Burning Of The Reina
By James Donahue
The Greek cruise ship
Reina Del Mar caught fire and burned to destruction at Ambelaki, Perama on May 28, 1981, thus ending a strange 30-year existence
as a ship of multiple names and multiple owners.
At the time of its burning,
the 561-foot-long, single stack liner was chartered by SUR-Seereisen in Germany, given its final name, and was in the process
of a complete renovation. The company had plans to use the Reina Del Mar for a series of Mediterranean cruises during the
summer of 1881.
Before the work was completed
a fire broke out that gutted the superstructure containing the passenger cabins. The fire caused extensive damage but did
not destroy the ship.
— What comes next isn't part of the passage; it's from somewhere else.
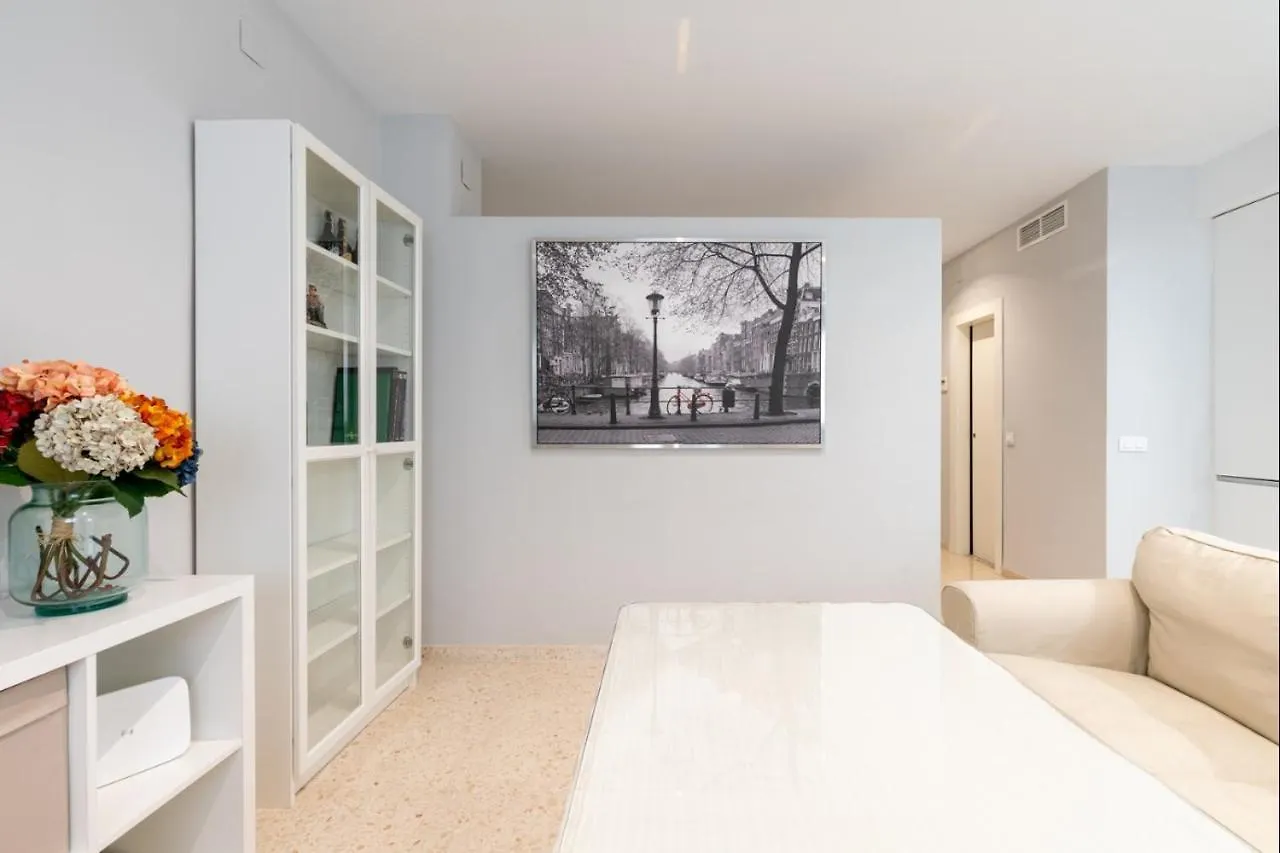 Behouse Reyes Catolicos Apartment Seville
But as the damaged liner was being towed from Ambelakia, the tow line parted and the ship floated off
until it went aground on Salamina Island, off the coast of Greece.
Salvagers refloated the
vessel and towed it into Kynosoura, in Parama Bay where it was moored next to another fire-gutted vessel, the Rosa Savag.
On June 1, a second mysterious fire broke out on the Reina del Mar. The ship was scuttled in an attempt to contain the fire.
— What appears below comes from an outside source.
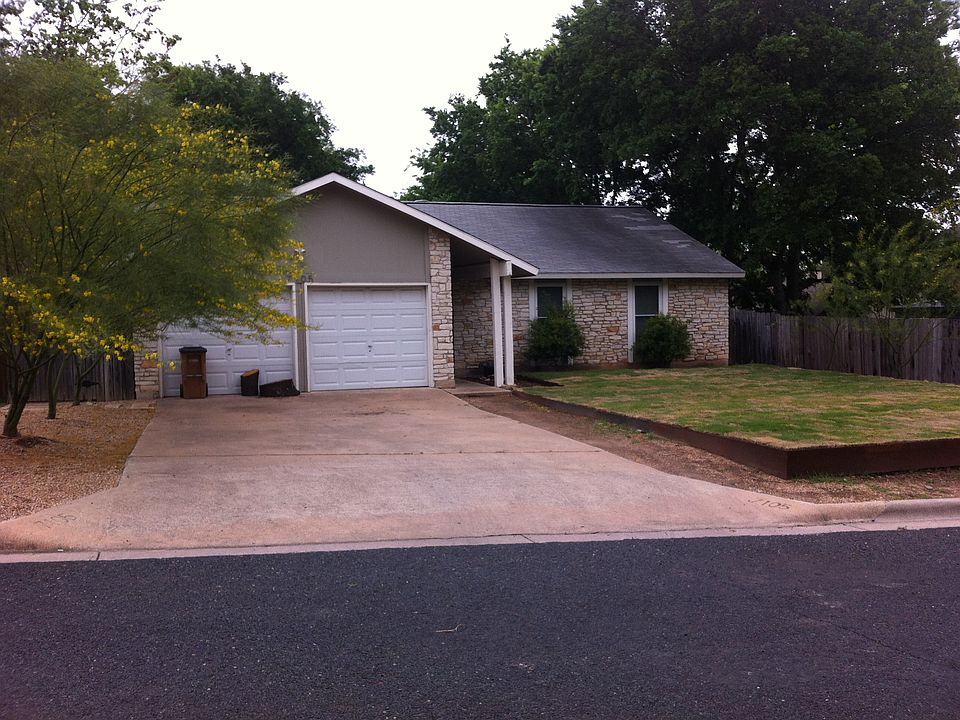 Leveled front lawn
The burning wreck turned on its side and was declared a total loss.
The vessel was launched
in 1950 as the Ocean Monarch for Furness Withy of England and operated under that name for 15 years. It was then sold to a
Bulgarian company and operated for the next three years under the name Varna.
The liner spent much
of the 1970s in lay-up while ownership apparently passed from various shipping companies. In 1977 the vessel’s name
was changed to Riviera. It took its final name in 1980.
The Reina del Mar was
a modest sized vessel. She carried a crew of 250 and had facilities for up to 414 first class passengers.